Algum do gás em torno do invólucro apresenta uma rotação evidente em torno da estrela. Medindo a rotação é possível estimar a massa central.
Foi desta forma que o grupo de Chini determinou que M17-SO1 tem 15 a 20 vezes a massa do Sol. Mas o trabalho recente de Sako que saiu na revista Nature de 21 de Abril dá-lhe apenas uma massa de 2.5 a 8 massas solares.
De acordo com Sako, analisar a rotação requer assumir acerca da temperatura e composição do gás, o que conduz a grandes incertezas na estimativa. O grupo de Chini disse que tem novos dados que poderão ajudar a resolver o assunto (ainda não divulgados).
O grupo de Sako baseia a sua teoria no facto de se a massa de M17-SO1 ser maior que 8 massas solares, terá que haver hidrogénio ionizado pela radiação nas suas vizinhanças. Embora não seja visto gás ionizado em torno de M17-SO1, Chini diz que isto apenas implica que a estrela seja muito jovem e por isso é muito cedo para ver os efeitos da ionização estelar.
Para além deste debate sobre ionização há outras razões que levam a crer que estrelas de massa superior a 8 massas solares sejam muito difíceis de formar. As estrelas pequenas formam-se pelo colapso de gás seguido de uma acreção gradual de matéria para um disco estelar. Mas se a estrela atingir 8 massas solares, pensa-se que a pressão de radiação "soprará" para longe qualquer gás remanescente.
A alternativa ao colapso é que as estrelas em enxames densos colidam ou coalescam para formar estrelas grandes. Isto evitaria o fim do abastecimento de gás. No entanto, não há grandes evidências de que as coisas se processem desta forma.
"O problema com a teoria da colisão é que não há qualquer ferramenta observacional que permita medir, isto é, provar que essa colisão tenha ocorrido," diz Chini.
Chini também disse que os modelos computacionais têm evoluído ao longo dos anos e já não é tão difícil modelar uma história de acreção para uma estrela muito massiva.
De uma forma epistemológicamente duvidosa, Chini pergunta: "Porque haveria a natureza de inventar dois mecanismos para o mesmo processo?
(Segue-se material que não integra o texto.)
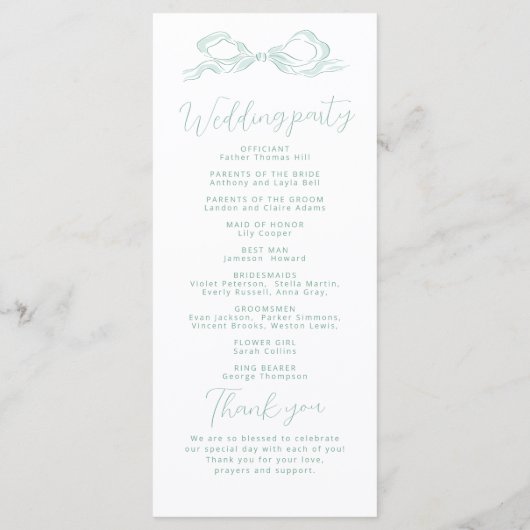 Elegant Light Green Hand Drawn Bow Wedding Program Menu (Achterkant)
A acreção funciona perfeitamente entre 0.1 e 10 massas solares e - como o mostram os teóricos - ainda para lá disso."
No entanto, se o grupo de Sako estiver correcto, Chini e outros terão que procurar uma outra estrela massiva a alimentar-se do disco de acreção.
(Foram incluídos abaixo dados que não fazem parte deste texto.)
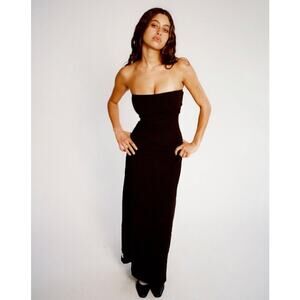 Oddli The First Date Dress, Strapless Bodycon Maxi Dress in Black, Size Large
"O único problema é que raramente vemos estrelas massivas em formação porque se formam muito rapidamente, o que faz delas estrelas raras," disse Debra Shepherd do National Radio Astronomy Observatory, que não está envolvida em qualquer dos grupos. Shepherd explicou que se as estrelas massivas se formam por acreção, como ganham cerca de uma massa solar por cada mil anos, podem estar formadas em menos de 20,000 anos.